Their first success since a 1-0 win at fellow strugglers Hamburger SV last December was not in itself enough to lift the South West's biggest club off the foot of the standings, but it did move them significantly closer to the rest of the pack in what is developing into a wide-open relegation dogfight involving up to eight clubs.
Hosts overcome pressure
Amidst the understandable expressions of jubilation and sheer relief, Huub Stevens remained true to his reputation as the 'Kerkrade grumbler,' laconically noting, “It's three points, nothing less and nothing more, either.” The veteran Dutch coach has seen it all before. Indeed, he hauled Stuttgart clear of a similarly precarious situation only last season and far from regarding the team's second home win of the entire campaign as an instant panacea, he asserted that his charges still have a serious psychological block to contend with as well.

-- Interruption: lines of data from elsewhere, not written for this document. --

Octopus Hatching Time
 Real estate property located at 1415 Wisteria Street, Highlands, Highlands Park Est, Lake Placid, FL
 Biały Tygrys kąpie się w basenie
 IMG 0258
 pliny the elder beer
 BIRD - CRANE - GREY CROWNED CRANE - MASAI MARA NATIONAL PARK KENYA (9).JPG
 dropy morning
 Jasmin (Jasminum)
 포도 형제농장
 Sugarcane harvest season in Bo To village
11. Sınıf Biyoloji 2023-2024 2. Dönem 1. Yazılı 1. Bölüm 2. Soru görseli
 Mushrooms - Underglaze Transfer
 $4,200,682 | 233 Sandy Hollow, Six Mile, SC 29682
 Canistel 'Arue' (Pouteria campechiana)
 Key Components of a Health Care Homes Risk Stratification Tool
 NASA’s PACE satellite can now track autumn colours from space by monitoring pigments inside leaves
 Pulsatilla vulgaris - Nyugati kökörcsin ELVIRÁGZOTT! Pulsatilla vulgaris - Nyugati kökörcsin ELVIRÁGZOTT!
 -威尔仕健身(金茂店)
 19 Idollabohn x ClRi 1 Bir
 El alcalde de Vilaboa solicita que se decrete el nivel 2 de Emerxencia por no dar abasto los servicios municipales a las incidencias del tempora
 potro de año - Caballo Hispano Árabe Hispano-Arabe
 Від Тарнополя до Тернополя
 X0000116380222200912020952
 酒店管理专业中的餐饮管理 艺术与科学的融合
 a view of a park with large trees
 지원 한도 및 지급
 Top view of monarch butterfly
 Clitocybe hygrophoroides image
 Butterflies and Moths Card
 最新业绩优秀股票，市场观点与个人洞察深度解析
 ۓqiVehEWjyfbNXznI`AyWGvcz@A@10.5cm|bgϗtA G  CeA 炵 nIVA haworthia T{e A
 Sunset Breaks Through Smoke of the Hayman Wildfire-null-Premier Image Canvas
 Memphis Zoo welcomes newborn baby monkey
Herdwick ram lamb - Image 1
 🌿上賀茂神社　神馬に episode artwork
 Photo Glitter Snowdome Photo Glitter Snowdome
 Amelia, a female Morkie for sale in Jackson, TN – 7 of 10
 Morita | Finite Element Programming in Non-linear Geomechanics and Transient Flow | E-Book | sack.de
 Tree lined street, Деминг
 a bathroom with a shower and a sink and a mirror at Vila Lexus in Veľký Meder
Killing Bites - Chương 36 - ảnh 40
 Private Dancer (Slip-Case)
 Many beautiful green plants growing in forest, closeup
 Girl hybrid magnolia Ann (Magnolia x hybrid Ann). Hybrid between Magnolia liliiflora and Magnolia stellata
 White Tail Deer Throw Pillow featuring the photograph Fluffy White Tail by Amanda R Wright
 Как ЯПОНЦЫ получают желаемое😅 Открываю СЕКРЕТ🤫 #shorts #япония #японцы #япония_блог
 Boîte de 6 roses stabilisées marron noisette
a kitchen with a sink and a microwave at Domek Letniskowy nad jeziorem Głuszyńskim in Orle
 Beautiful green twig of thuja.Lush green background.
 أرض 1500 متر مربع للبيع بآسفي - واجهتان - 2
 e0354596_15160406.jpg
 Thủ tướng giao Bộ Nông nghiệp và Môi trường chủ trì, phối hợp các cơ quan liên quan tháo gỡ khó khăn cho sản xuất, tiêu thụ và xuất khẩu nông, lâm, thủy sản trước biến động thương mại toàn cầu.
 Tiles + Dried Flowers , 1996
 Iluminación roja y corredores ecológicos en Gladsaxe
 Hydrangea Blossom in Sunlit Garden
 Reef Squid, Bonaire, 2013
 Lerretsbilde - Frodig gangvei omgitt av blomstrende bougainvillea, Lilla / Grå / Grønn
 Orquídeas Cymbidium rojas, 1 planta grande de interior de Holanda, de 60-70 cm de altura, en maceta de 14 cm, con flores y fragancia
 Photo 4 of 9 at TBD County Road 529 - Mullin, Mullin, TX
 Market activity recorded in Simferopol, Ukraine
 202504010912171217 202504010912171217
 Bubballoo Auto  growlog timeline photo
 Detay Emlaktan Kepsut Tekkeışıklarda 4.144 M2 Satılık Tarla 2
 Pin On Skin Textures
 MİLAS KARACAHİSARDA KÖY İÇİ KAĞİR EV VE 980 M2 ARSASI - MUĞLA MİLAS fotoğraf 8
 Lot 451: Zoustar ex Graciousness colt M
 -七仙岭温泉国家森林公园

For the first hour against Frankfurt, it was all too evident. The hosts' hesitant and insipid performance received its due when Haris Seferovic put Eintracht in front early in the second half, leaving Stevens to reflect on “the effect pressure has on people, how nervous and hectic it makes them.” This time, however, the players rose to the challenge with aplomb, with a rapid-fire brace from Daniel Ginczek turning the contest on its head before Alexandru Maxim made the points safe with ten minutes to go. A strong finish after coming from behind - in the end, the game panned out as a microcosm of the club's ideal end-of-season scenario.
'Just one small step'
It also added traction to the recent executive-level avowal of support for Stevens, following weeks of mounting speculation as to his prospects of seeing out the campaign - something about which the coach himself had not hesitated to voice his irritation. “We're happy, we were all desperate to win again,” sporting director Robin Dutt admitted. Two-goal hero Ginczek acknowledged the result was “a huge weight off my chest,” but concurred with Stevens' down-to-earth analysis that, “it's only one small step.”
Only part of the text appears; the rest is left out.